→ **What to do**
Below are entries; repeat exactly, and nothing else, the lines from the one holding "Hello, in this" through the one holding "Hello all! In", inclusive. Leave the pictures out.

→ **Extracted records**
———
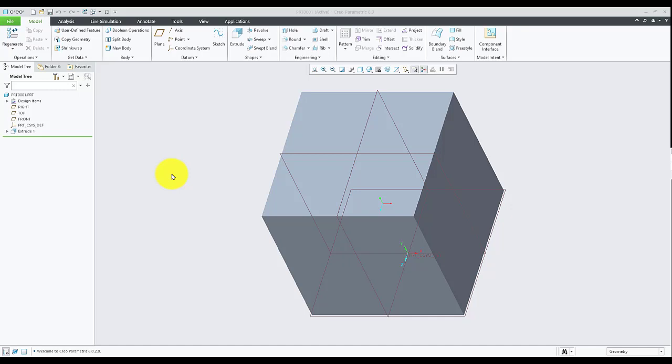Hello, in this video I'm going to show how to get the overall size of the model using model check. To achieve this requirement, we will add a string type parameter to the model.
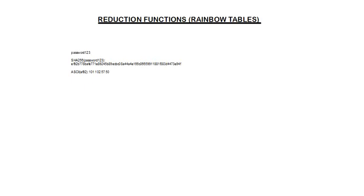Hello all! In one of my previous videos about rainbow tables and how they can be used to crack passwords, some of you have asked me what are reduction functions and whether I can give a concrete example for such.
———
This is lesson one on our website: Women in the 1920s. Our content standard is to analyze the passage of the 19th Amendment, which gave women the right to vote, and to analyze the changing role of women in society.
———
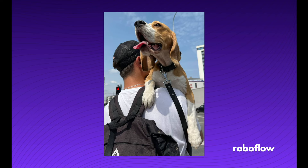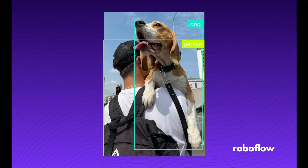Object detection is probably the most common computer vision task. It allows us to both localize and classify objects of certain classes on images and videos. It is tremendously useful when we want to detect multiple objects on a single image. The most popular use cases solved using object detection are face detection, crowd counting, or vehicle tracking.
———
→ **Exercise result**
Hello, in this video I'm going to show how to get the overall size of the model using model check. To achieve this requirement, we will add a string type parameter to the model.
Hello all! In one of my previous videos about rainbow tables and how they can be used to crack passwords, some of you have asked me what are reduction functions and whether I can give a concrete example for such.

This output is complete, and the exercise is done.